— What to work on —
Images don't belong in the copy. Output the rest of the data exactly.

— Material provided —
......

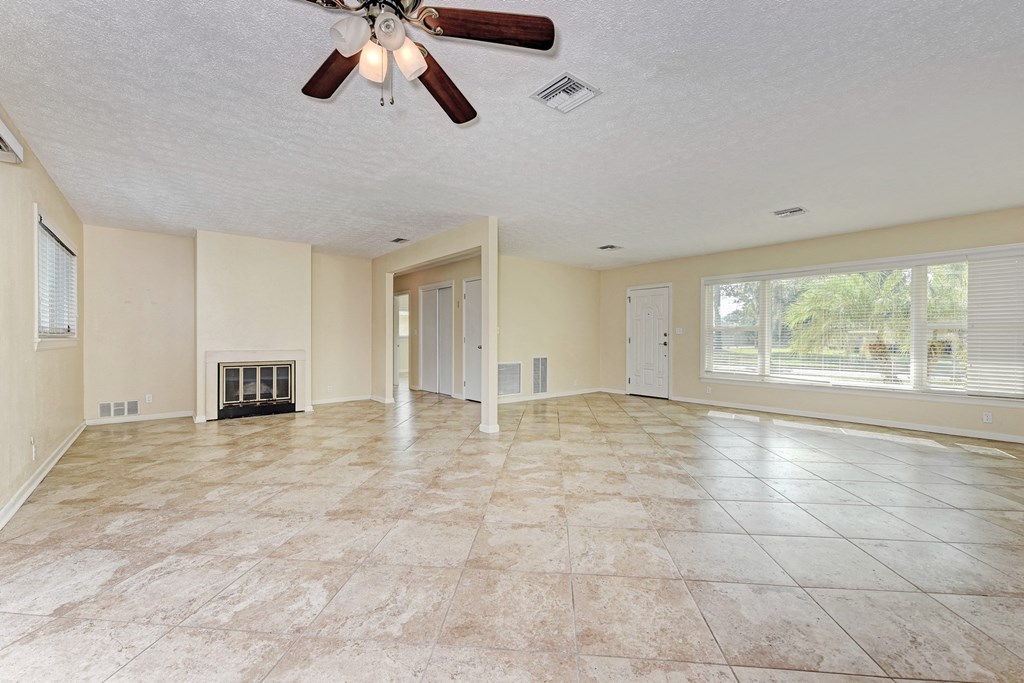 A spacious room with a fireplace and a ceiling fan.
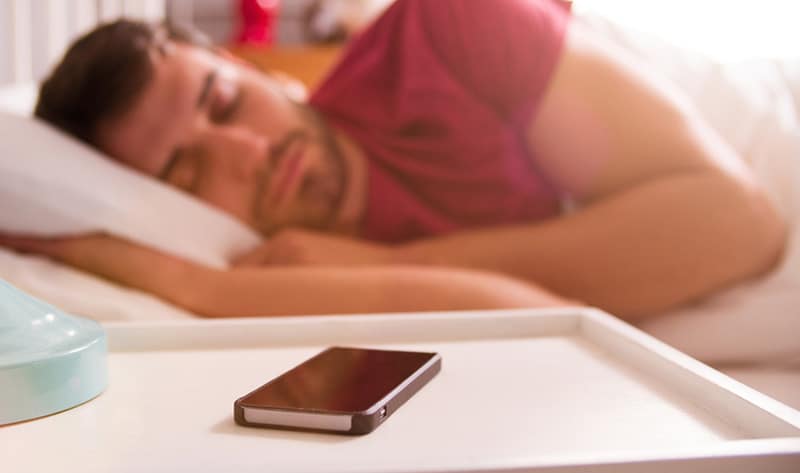 Person sleeping with cell phone next to them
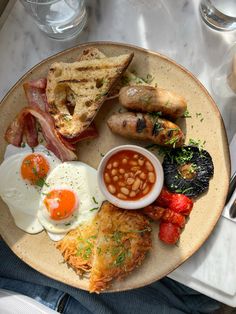 a breakfast plate with eggs, bacon, toast and beans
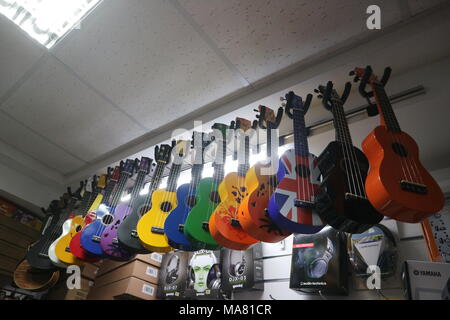 Multi-colore di ukulele chitarre in uno strumento musicale store Foto Stock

......

— Exercise output —
 A spacious room with a fireplace and a ceiling fan.
 Person sleeping with cell phone next to them
 a breakfast plate with eggs, bacon, toast and beans
 Multi-colore di ukulele chitarre in uno strumento musicale store Foto Stock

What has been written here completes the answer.